- Location: Wyoming, United States
- Nearest city: Jackson
- Coordinates: 43°35′N 110°20′W﻿ / ﻿43.583°N 110.333°W
- Area: 19,911,200 acres (80,578 km^{2}) (at its reinstatement in 1908) Originally established with 892,440 acres (3,611.6 km2)
- Established: February 22, 1897 (as Teton Forest Reserve)
- Governing body: U.S. Forest Service

= Teton National Forest =

National forest in Wyoming, US

Teton National Forest, in western Wyoming, was a United States national forest that would form a constituent part of the present-day Bridger-Teton National Forest. It was first established by the United States General Land Office on February 22, 1897 as the Teton Forest Reserve with 892440 acre. A commission was established in 1896 to plan for a system of national forest reserves, recommending an expansion of the territory protected by the Yellowstone Timberland Reserve. President Grover Cleveland's 1897 proclamation established a protected area encompassing the northern end of Jackson Hole, extending from the south boundary of the Yellowstone Forest Reserve south to the area of the Gros Ventre River, and from the Idaho border in the west to the area of the Continental Divide in the east. Much of this area would eventually be incorporated into Grand Teton National Park. In 1902 the southern portion of the Yellowstone reserve was added, while the Teton Reserve was greatly expanded to the south and east while excluding the southern portion of Jackson Hole around the town of Jackson.

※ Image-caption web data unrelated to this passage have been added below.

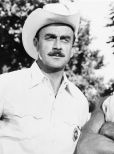 John Dehner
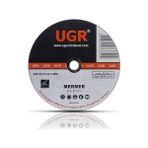 UGR Mermer Kesici 230X3X22 mm Taşlama Makinesi Diski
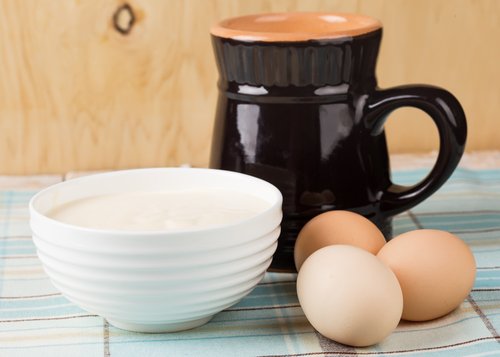 Aliments à consommer contre l'acidité gastrique.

On January 29, 1903 it was combined with the Yellowstone Forest Reserve, but it was reinstated as a separate unit on July 1, 1908 with 19911200 acre. In 1973 Teton National Forest was administratively combined with Bridger National Forest, creating Bridger-Teton National Forest. In descending order of land area, Teton National Forest is located in parts of Teton, Sublette, Park, Fremont, and Lincoln counties. It is now administrated as part of the Bridger-Teton National Forest from its headquarters in Jackson, but there are local ranger district offices in Jackson and Moran. The forest contains both the Gros Ventre Wilderness and the Teton Wilderness, both officially designated by the National Wilderness Preservation System.